The Normal Pelvic Ultrasound: How to Do It and What to See

Knowledge of the normal anatomy and techniques for scanning the female pelvis are essential for detecting pelvic disease. The complete pelvic sonogram is done in two parts. In most cases, these include the transabdominal followed by the transvaginal evaluation. Decades ago, the transabdominal pelvic ultrasound was performed using a full bladder to visualize the pelvic organs by pushing the bowel out of the way. Although on occasion filling the patient’s bladder may be helpful, the transabdominal scan is very effective even if the bladder is not completely distended. If the uterus is anteverted, it is typically well seen whether or not the bladder is full. A retroverted uterus may be difficult to visualize with an empty bladder; however, it will be seen well transvaginally. Hence it is no longer necessary to obligate patients to fill their bladders for pelvic ultrasound, assuming that the transvaginal scan is also performed. If for some reason the patient is to be scanned with a full bladder (e.g., if the patient declines the intravaginal scan), it is important not to overdistend the bladder, thus compressing the pelvic organs against the sacrum.
The pelvic scan should typically include a transvaginal component after the transabdominal scan unless contraindicated or declined by the patient. If the patient is not a candidate for the transvaginal approach, the scan can be performed transrectally (see technique that follows).

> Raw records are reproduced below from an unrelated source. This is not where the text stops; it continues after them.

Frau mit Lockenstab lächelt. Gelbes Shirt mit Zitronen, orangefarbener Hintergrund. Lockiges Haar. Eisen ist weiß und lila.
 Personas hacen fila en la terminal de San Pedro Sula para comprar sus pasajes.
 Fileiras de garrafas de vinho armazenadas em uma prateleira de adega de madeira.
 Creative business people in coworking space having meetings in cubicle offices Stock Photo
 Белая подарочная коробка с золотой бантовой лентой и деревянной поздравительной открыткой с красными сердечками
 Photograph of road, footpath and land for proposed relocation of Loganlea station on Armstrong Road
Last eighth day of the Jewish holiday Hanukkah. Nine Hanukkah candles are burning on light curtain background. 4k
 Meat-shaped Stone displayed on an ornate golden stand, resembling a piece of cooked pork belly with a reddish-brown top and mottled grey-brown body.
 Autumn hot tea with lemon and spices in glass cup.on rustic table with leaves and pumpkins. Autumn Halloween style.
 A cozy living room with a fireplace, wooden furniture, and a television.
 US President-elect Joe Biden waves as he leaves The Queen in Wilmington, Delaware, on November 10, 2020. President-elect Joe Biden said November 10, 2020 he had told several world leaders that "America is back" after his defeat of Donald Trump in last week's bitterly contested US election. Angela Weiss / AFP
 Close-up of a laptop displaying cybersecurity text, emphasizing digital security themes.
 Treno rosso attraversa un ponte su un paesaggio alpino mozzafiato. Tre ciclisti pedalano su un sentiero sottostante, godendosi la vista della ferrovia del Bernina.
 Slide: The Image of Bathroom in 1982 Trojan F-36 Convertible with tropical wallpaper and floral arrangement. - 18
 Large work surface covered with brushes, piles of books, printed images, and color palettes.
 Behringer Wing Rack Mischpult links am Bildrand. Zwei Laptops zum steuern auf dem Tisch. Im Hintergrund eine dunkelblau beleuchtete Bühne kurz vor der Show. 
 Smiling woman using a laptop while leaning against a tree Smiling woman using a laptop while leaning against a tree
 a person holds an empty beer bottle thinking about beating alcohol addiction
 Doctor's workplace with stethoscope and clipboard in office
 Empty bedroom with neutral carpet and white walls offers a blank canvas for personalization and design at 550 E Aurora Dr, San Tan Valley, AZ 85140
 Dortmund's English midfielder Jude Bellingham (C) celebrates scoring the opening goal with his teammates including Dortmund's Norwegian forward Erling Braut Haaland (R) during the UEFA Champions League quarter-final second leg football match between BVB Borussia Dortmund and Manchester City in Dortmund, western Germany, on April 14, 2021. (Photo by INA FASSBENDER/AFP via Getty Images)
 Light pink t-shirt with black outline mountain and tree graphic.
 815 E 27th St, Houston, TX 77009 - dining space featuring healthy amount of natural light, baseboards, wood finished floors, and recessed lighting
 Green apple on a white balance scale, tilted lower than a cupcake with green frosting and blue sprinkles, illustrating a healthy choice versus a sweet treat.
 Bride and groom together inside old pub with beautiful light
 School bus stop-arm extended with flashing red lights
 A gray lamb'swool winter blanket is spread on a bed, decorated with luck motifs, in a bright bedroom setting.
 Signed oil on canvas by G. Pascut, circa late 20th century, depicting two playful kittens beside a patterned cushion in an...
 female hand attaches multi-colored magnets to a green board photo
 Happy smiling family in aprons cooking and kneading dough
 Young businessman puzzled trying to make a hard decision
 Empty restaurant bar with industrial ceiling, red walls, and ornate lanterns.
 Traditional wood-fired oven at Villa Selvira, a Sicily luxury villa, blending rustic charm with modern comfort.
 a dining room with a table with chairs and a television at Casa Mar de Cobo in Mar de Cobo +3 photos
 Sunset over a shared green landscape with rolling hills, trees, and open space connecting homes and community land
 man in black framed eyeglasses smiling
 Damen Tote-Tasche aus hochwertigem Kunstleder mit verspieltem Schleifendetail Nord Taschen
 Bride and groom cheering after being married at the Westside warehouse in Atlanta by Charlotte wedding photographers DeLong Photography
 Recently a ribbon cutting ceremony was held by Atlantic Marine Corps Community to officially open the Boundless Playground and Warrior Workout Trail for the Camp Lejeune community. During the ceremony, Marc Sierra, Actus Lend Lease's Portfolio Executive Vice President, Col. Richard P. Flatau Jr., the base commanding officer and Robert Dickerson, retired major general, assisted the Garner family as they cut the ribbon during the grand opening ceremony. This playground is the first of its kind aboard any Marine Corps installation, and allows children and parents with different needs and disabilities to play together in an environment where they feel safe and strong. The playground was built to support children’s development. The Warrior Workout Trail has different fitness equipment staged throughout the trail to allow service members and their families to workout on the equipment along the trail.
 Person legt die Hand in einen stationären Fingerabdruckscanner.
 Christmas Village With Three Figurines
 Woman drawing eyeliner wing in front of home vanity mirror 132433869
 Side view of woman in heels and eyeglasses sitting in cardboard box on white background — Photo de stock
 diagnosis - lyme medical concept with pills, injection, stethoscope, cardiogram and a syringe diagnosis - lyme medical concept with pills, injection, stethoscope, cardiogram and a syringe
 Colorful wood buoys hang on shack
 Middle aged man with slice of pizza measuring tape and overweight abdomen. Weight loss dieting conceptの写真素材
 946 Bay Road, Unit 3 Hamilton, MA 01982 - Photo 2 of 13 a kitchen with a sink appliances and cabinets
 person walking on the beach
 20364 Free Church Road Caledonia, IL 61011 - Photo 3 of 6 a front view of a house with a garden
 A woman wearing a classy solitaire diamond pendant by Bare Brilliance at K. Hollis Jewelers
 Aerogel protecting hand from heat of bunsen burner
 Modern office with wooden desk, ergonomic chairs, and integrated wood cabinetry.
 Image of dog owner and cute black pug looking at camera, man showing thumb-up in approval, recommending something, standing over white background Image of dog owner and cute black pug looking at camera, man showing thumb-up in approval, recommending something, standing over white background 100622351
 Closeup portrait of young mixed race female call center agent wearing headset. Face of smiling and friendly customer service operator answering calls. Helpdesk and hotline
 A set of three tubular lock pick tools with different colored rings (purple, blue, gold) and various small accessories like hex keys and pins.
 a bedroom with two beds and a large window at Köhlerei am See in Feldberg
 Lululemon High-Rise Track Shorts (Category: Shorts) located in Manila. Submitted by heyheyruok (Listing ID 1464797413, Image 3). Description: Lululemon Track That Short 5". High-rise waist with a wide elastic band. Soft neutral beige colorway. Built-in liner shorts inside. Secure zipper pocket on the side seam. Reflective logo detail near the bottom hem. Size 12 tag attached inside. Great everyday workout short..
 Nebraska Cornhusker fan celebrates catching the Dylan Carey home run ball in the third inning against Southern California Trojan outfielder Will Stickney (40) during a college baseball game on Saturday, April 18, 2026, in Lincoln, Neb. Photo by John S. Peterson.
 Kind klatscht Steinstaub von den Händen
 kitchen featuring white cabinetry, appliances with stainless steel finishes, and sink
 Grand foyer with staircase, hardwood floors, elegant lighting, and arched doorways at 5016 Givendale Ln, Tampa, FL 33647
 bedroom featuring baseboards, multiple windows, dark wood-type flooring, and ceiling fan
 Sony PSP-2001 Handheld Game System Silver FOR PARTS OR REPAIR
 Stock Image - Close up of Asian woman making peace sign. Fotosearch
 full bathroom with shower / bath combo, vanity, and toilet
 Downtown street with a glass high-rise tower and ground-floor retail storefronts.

The technique for performing a transabdominal (TA) scan (Figure II-1):
1. The uterus is imaged both longitudinally and transversely using a 3- to 8-MHz abdominal transducer. If the bladder is full, it can be used as an acoustic window because it lies just anterior to the uterus. If the bladder is not distended, gentle pressure can be applied to the abdominal wall with the transducer to push the bowel away and narrow the distance between the probe and the pelvic organs. If the uterus is large or contains fibroids, the TA approach may provide the best view and measurements of the uterus. This perspective may even improve after the bladder is emptied. It is important to image the endometrial lining as well as ensure that the fundus of the uterus has been fully imaged. Looking just above the uterus is often necessary to detect any masses in the lower abdomen, when they are too cephalad to be visualized transvaginally.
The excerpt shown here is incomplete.